• WHAT IS EXPECTED: Extract every line from the records below that contains the word "Back".

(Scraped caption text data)

========================

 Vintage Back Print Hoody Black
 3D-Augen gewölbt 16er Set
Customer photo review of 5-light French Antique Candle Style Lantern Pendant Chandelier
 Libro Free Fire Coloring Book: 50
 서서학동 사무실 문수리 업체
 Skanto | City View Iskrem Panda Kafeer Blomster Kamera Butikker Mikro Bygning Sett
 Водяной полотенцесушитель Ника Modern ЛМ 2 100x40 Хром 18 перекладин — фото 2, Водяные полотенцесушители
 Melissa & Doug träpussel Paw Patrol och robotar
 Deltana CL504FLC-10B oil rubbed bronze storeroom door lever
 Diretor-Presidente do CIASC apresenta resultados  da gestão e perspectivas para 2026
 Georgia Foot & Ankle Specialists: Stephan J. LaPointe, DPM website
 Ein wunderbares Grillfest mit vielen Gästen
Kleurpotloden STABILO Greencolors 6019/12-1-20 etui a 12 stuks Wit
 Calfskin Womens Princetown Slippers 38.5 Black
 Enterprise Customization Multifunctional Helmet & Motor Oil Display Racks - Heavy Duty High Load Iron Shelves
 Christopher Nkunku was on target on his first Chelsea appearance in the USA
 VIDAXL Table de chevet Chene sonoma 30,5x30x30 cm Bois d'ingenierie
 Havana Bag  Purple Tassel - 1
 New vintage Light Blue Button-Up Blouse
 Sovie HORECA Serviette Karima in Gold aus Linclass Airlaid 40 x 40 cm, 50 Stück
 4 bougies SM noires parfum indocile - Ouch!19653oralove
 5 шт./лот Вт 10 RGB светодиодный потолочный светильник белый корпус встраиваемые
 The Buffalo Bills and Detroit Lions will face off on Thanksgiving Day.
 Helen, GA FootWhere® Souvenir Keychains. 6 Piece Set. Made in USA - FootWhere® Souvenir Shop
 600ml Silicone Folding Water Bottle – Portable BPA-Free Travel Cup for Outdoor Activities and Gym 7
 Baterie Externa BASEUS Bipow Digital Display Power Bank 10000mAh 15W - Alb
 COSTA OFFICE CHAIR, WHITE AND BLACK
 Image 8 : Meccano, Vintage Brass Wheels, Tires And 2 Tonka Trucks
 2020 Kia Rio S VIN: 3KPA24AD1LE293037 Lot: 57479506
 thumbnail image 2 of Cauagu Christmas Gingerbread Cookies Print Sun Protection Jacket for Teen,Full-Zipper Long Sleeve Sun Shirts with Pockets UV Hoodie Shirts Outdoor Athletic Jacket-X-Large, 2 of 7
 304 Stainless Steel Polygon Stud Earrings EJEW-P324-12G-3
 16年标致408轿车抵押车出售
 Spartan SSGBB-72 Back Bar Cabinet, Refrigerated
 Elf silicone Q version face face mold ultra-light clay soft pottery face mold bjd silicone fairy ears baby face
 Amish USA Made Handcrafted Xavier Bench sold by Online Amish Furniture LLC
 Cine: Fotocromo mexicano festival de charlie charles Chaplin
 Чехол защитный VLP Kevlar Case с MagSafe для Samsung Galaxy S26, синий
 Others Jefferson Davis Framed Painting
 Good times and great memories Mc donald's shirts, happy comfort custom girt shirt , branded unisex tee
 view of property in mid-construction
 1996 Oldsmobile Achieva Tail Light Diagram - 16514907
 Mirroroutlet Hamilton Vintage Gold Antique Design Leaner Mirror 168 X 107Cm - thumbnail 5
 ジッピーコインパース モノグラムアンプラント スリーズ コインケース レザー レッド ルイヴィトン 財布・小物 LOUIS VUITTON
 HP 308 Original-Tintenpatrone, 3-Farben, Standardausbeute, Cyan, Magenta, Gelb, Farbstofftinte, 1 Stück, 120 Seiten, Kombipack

========================

• EXERCISE RESPONSE:
 Vintage Back Print Hoody Black
 Spartan SSGBB-72 Back Bar Cabinet, Refrigerated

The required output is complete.